Dans le cadre des discussions sur une potentielle réforme des pensions, l’écart persistant entre les pensions des hommes et des femmes reste une problématique encore trop souvent sous-estimée et doit être un sujet d’importance.
Bien que les inégalités de pensions ne soient pas directement imputables au système de pension, mais plutôt aux inégalités survenues tout au long de la vie professionnelle, leur ampleur reste trop importante pour ne pas être abordée.
1. Inégalités actuelles : quel est le point de départ ?
Les pensions de vieillesse (anticipées[1]) sont, en effet, très clairement supérieures pour les hommes que pour les femmes. Si on considère l’ensemble des bénéficiaires d’une pension de vieillesse, il s’avère que les pensions des femmes s’élèvent, en moyenne, à 1 946 euros, soit 26,9% (717 euros) inférieures aux pensions des hommes.
Du fait qu’une partie des bénéficiaires ont une carrière dite migratoire, c’est-à-dire qu’ils ont travaillé dans au moins deux pays, et que, dès lors, certaines carrières ne sont guère comparables, il est important de compléter l’analyse en étudiant uniquement les pensionnés avec une carrière purement luxembourgeoise (non-migratoire). Ici, les inégalités de genre sont considérablement supérieures qu’au niveau total : en moyenne, les femmes avec une carrière purement luxembourgeoise perçoivent une pension de vieillesse de moins de 2 600 euros, un niveau qui est 42,2% (1 900 euros) inférieur à celui des hommes avec une carrière non-migratoire.
Parmi les bénéficiaires d’une pension de vieillesse résidant au Luxembourg et indépendamment d’une carrière professionnelle frontalière ou non, les femmes ont des pensions qui sont 39,4% (soit 1 600 euros) inférieures à celles des hommes.
Graphique 1 : Inégalités au niveau des pensions de vieillesse moyennes, 2022
Source : Inspection générale de la sécurité sociale
Cette inégalité, visible au niveau des moyennes, est tout aussi apparente lorsque l’on étudie la répartition des pensions de manière plus générale. Dans le graphique ci-dessous qui reprend la répartition des pensions de vieillesse des carrières non-migratoires, il est clairement observable que les niveaux de pension inférieurs à 3 100 euros sont plus fréquents chez les femmes, tandis que les niveaux au-delà de 3 100 euros sont plus répandus chez les hommes.

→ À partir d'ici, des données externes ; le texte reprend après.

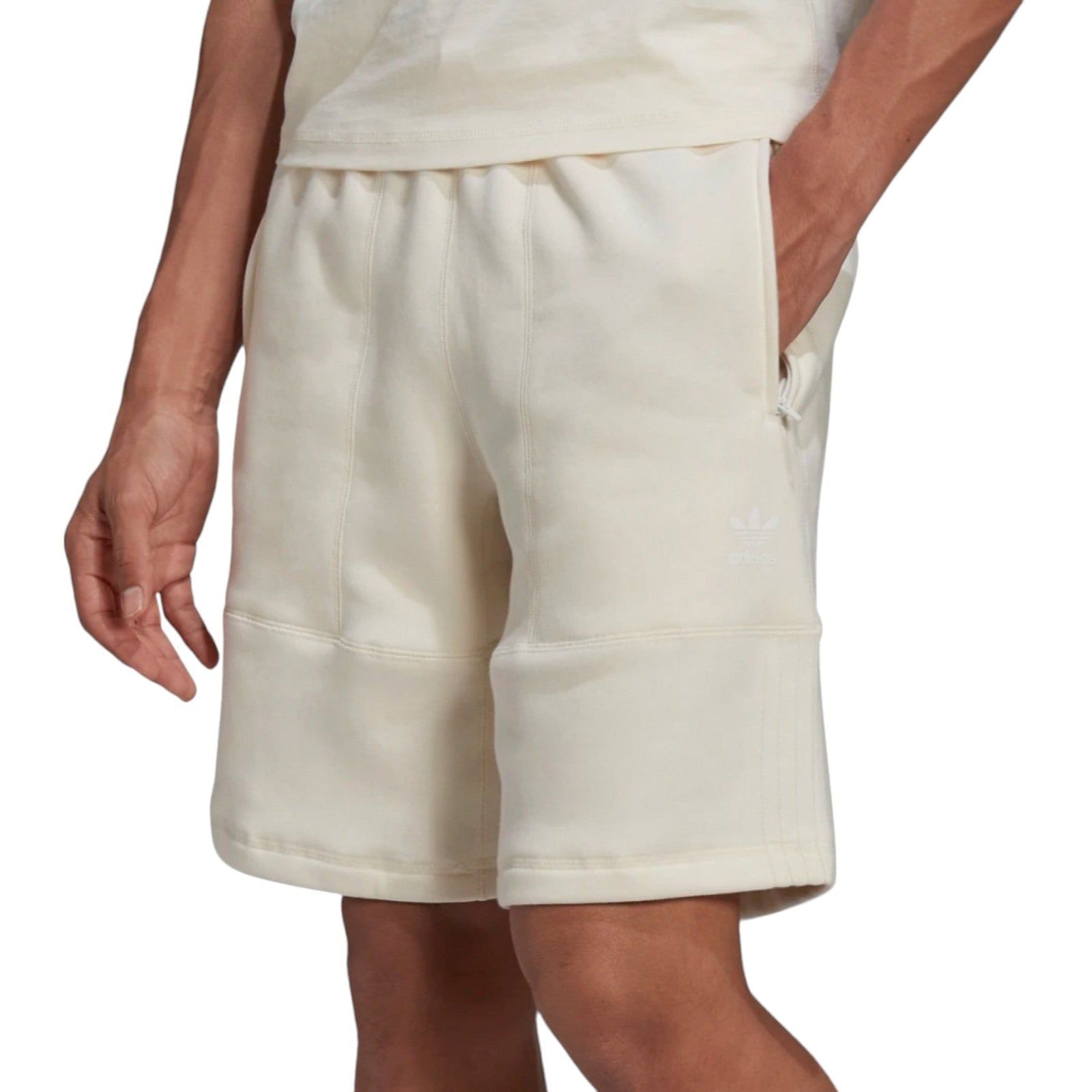adidas Originals Adicolor Clean Classics 3-Stripes Shorts - Non Dyed - ViaductClothing -  -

Graphique 2 : Répartition des pensions de vieillesse de carrières non-migratoires, 2022
Source : Inspection générale de la sécurité sociale
Force est de constater que parmi l’ensemble des bénéficiaires d’une pension de vieillesse, 32,0% des femmes ont des pensions inférieures à 2 000 euros alors que ce taux ne s’élève qu’à 3,3% chez les hommes. En revanche, plus d’un tiers des pensions des hommes sont au-delà de 5 000 euros alors seules 7,6% des femmes perçoivent un tel niveau de pension.
Le fait que les femmes soient surreprésentées au sein des bénéficiaires de très faibles pensions de vieillesse explique d’ailleurs que parmi les environ 36 000 bénéficiaires d’un complément pour pension minimum, 79,3% sont des femmes.
L’inégalité de genre au niveau des pensions n’est certes pas un phénomène purement luxembourgeois, mais le concept harmonisé au niveau européen de Gender Pension Gap permet de montrer que le Luxembourg est le pays connaissant la plus grande inégalité après la Malte et les Pays-Bas.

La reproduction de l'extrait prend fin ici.